California bill to protect best interest of the child in diverse familiesBottom Highlights, Online Only Friday, February 24th, 2012
SACRAMENTO – Senator Mark Leno introduced legislation Friday that reaffirms a family court judge’s ability to recognize parent-child relationships based on the evidence and what is in the best interests of the child. SB 1476 modernizes state law by giving courts the flexibility to protect children who have parent-child relationships with more than two people.
A California judge recently ruled that it was in the best interests of a child to recognize that she had a parental relationship with three people.
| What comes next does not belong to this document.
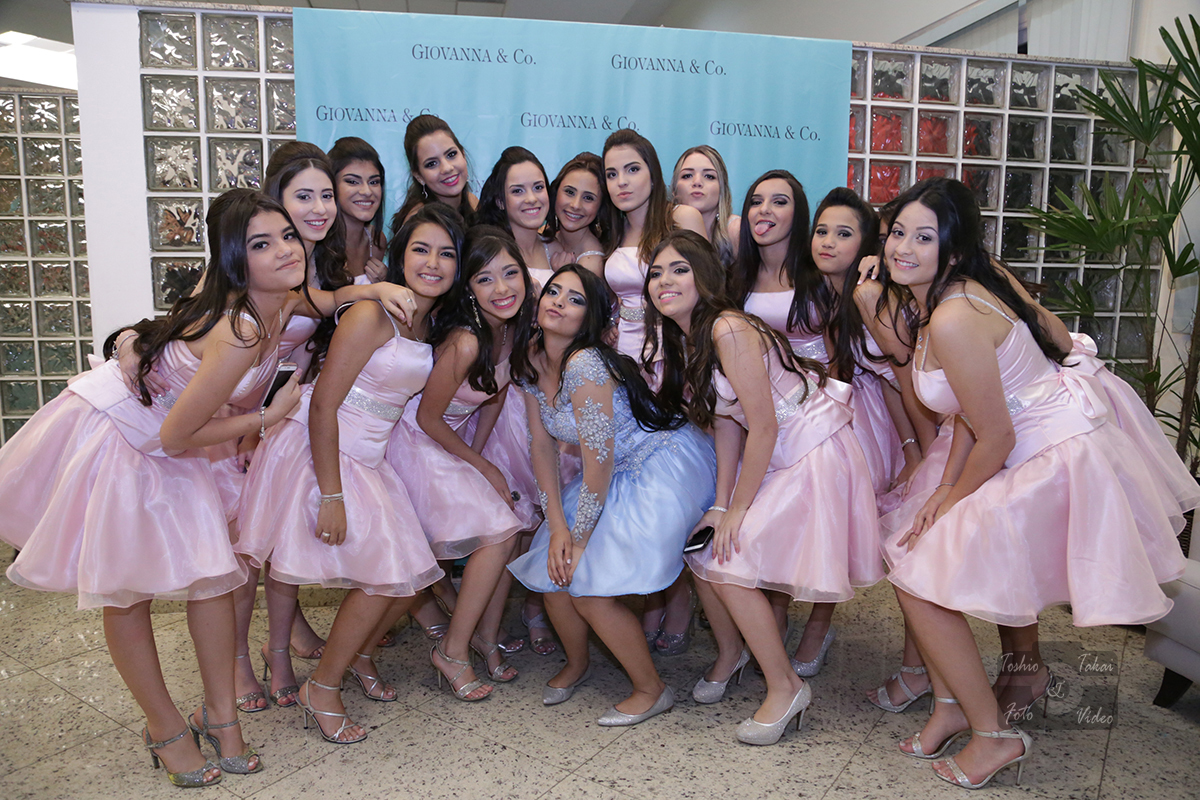 Giovanna-15-anos-amigas-debutantes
Despite the judge’s finding that the child would have the best chance of stability if all the parents were recognized, the ruling was reversed on appeal because the court found that current state law does not permit such a finding.
“We live in a world today where courts are dealing with diverse circumstances that have reshaped California families,” said Senator Leno, D-San Francisco. “This legislation gives courts the flexibility to protect the best interests of a child who is being supported financially and emotionally by those parents. It is critical that judges have the ability to recognize the roles of all parents, especially when a family is in distress and a child’s security is a concern.”
SB 1476 does not change existing law that defines who satisfies the high standard of being a legal parent. It simply clarifies a judge’s ability to decide that more than two parents might satisfy the standard. It could apply in appropriate circumstances where more than two parents have participated in a child’s upbringing. It would not apply in cases where a relative or loved one, such as a girlfriend or boyfriend of a parent, has provided only periodic care for a child because current law already stipulates they would not meet the definition of a parent.
SB 1476 is sponsored by the Children’s Advocacy Institute and the National Center for Lesbian Rights (NCLR).
“A child who has been raised since birth by a mother and a non-biological father may also have a parental bond and relationship with her biological father,” said Ed Howard, senior counsel for the Children’s Advocacy Institute at the University of San Diego School of Law. “The child knows all three of these people as parents, and the law should not arbitrarily extinguish those relationships when doing so would hurt the child.”
“We know that families are formed in many different ways,” said NCLR Family Protection Project Director Cathy Sakimura. “If the law refuses to recognize some of these families, it puts children in these families at risk of the devastating consequences of losing the love and support of one of his or her parents.”